Calling her previous order “overbroad,” the presiding judge of the child protection division says ProPublica Illinois is free to report on the case but can’t disclose the identities of the children.

A Cook County judge Monday lifted part of her previous order prohibiting ProPublica Illinois from publishing some details of a child welfare case it has been investigating, conceding that the restriction was “overbroad.”

At the same time, Patricia Martin, the presiding judge of the Cook County Juvenile Court’s child protection division, continued to block the news organization from publishing the names or pictures of the minors involved in the case. While acknowledging the constitutional right of ProPublica Illinois to publish, the judge ruled that her restriction on disclosing the identities is necessary to protect the children.

ProPublica Illinois has a “right to act as a conduit of information and to keep the public informed as to the workings of the court and the Illinois child welfare system,” Martin wrote in her modified order. “Nevertheless, if ProPublica publishes the children’s names or likenesses, it would be the actions of ProPublica, and ProPublica alone that would be responsible for inflicting a gratuitous harm on these children.”

Aside from not revealing the identities of the minors, ProPublica “is free to report on any aspect of these cases, DCFS [the Illinois Department of Children and Family Services], the court, or the Illinois child welfare system as a whole,” Martin wrote.

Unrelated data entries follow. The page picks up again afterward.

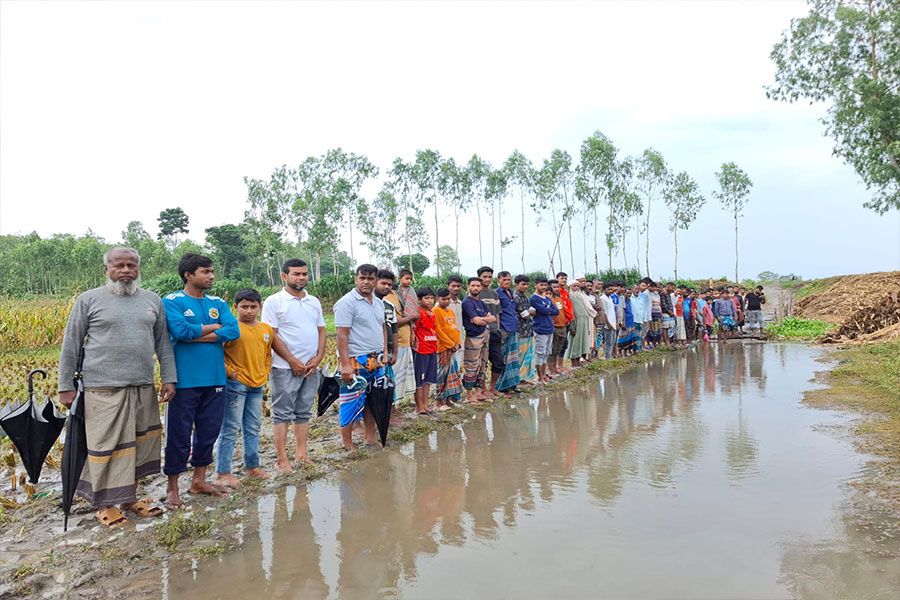 ব্রিজের অভাবে ৩০ হাজার মানুষের দুর্ভোগ, নির্মাণের দাবিতে মানববন্ধন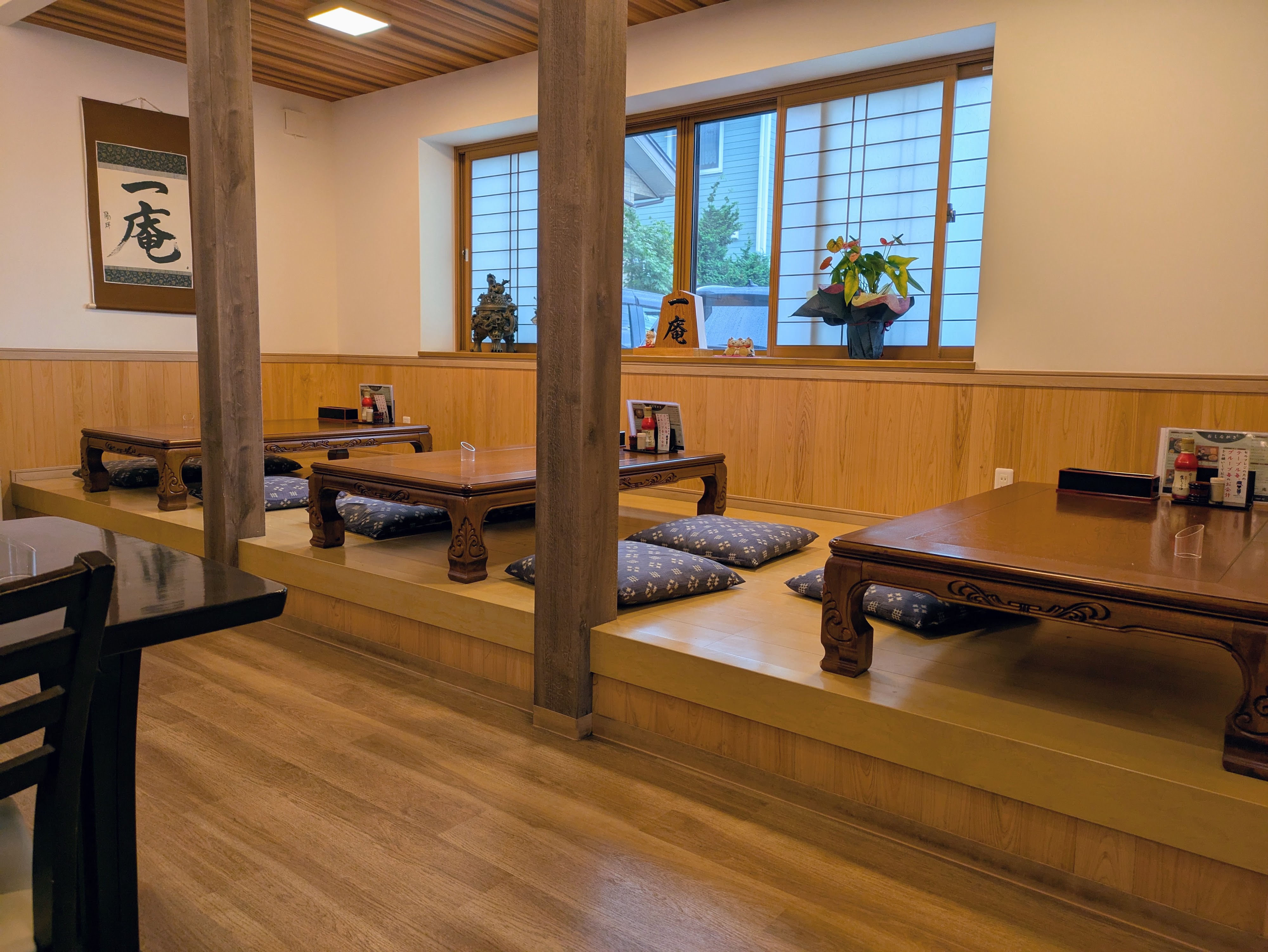 Az Ichian étterem, ha épp a környéken jártok, csak ajánlani tudom. A cipőt le kell kapni, és csak úgy léphetsz fel a magaslatra. Elég tipikus itt a hagyományosabb éttermeknél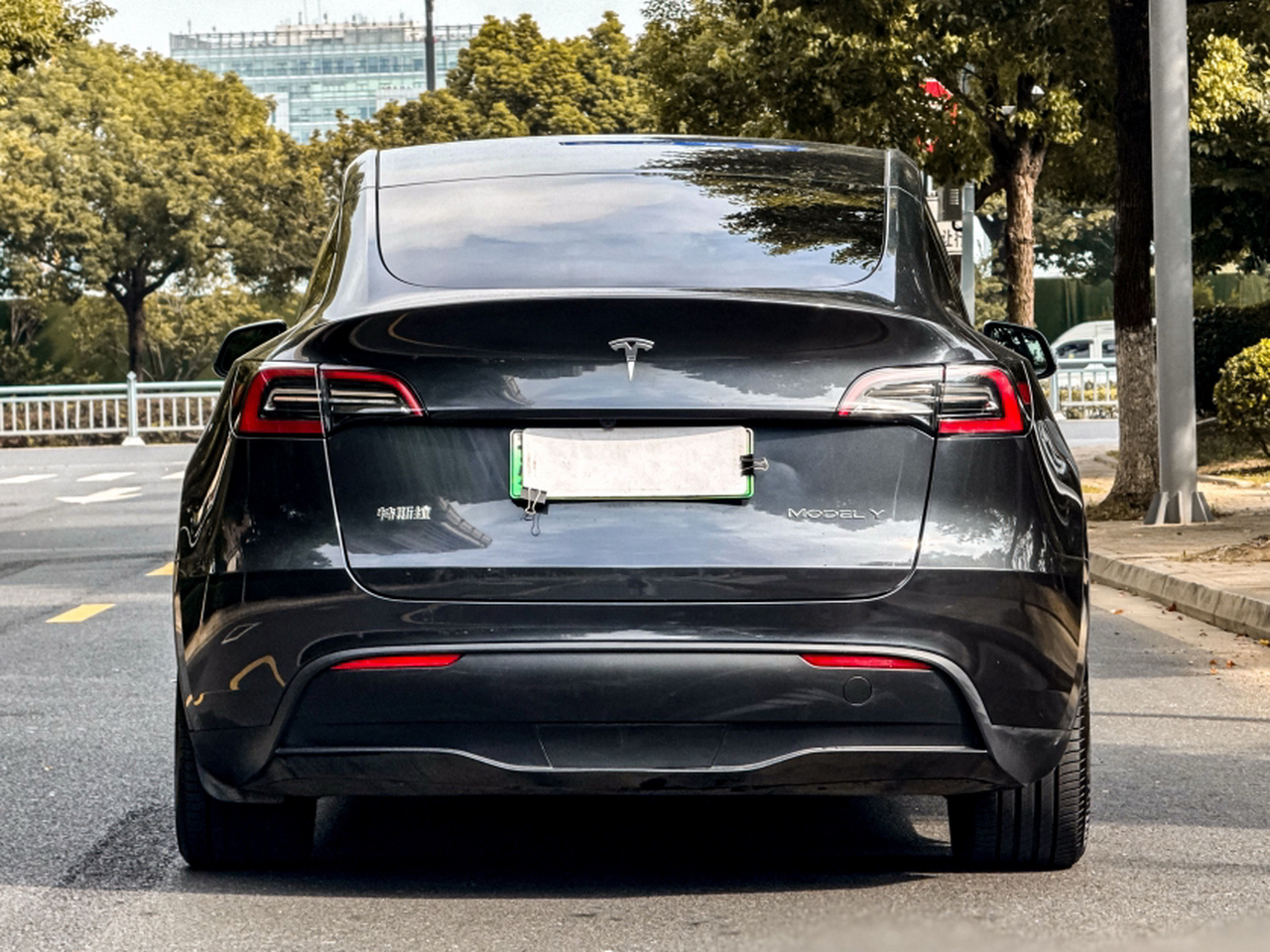 Model Y 2024 RWD photo 3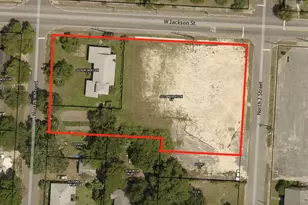 1601 W Jackson St, Pensacola, FL 32501 - Photo 1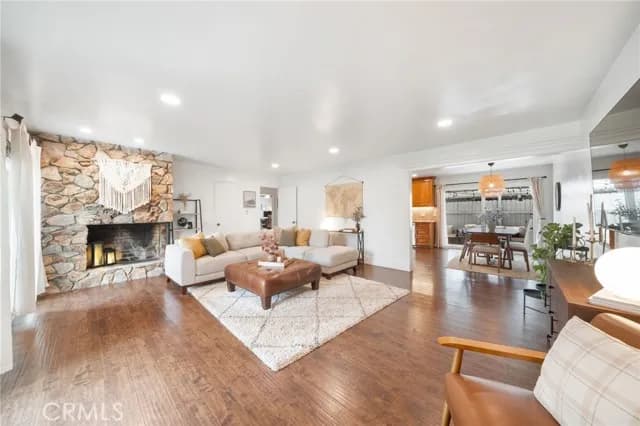 303 N Acacia Ave, Fullerton, Active - Home for Sale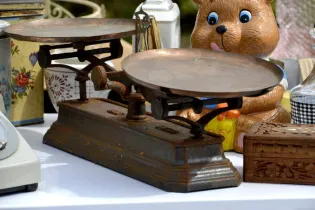 brocante© VIVIANE M. de Pixabay - VIVIANE M. de Pixabay.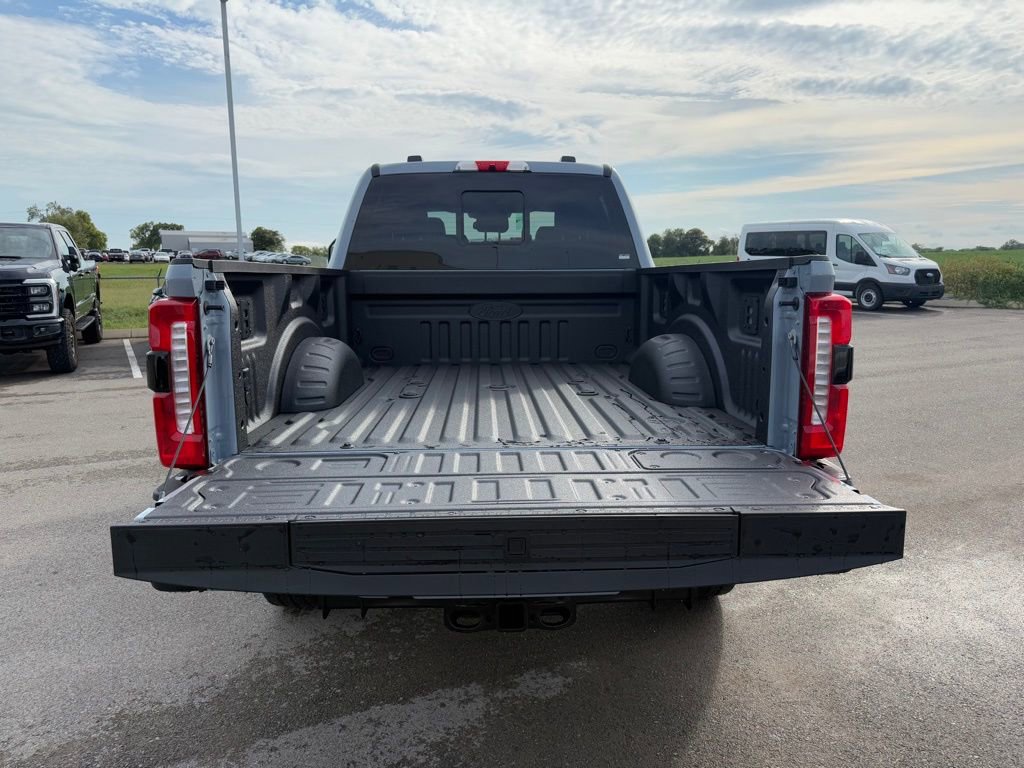 New 2026 Ford F250 Lariat w/ Black Appearance Package image 38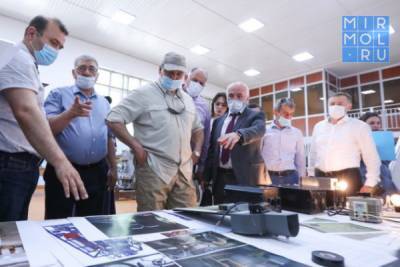 Врио Главы РД посетил Южно-Сухокумский электромеханический завод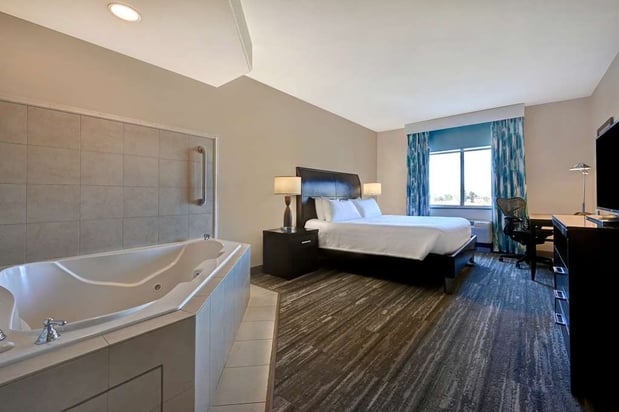 Images Hilton Garden Inn San Bernardino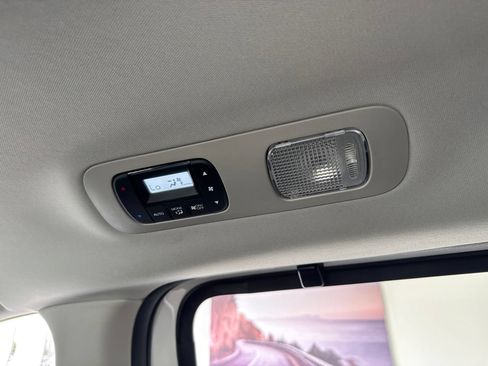 Used 2025 Honda Odyssey Elite image 48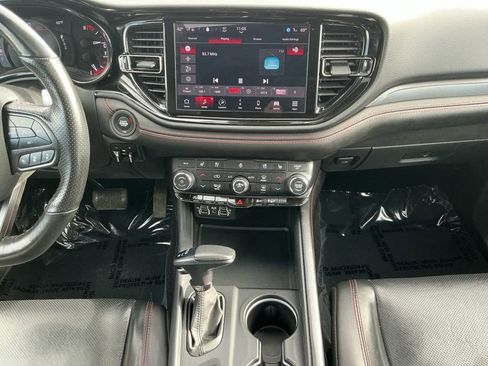 Used 2024 Dodge Durango GT image 11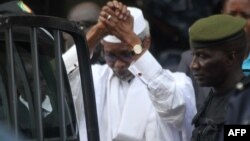 L'ancien dictateur tchadien Hissène Habré, après avoir été entendu par un juge, le 2 juillet 2013 à Dakar, Sénégal.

Richard Tofel, president of ProPublica, the parent organization of ProPublica Illinois, said in a statement: “While there are significant aspects of Judge Martin’s order and opinion with which we disagree, we are gratified that the order and opinion recognize our constitutional right to report on any aspect of these cases beyond the children’s names. That reporting continues.”

ProPublica Illinois had no plans to publish the names of the children in the child welfare case. But the First Amendment protects the right of the media to make decisions about what to publish without “the invasion of the power of the state into a newsroom,” Gabriel Fuentes, an attorney with Jenner & Block representing ProPublica Illinois, argued in a April 5 hearing on the prior restraint order.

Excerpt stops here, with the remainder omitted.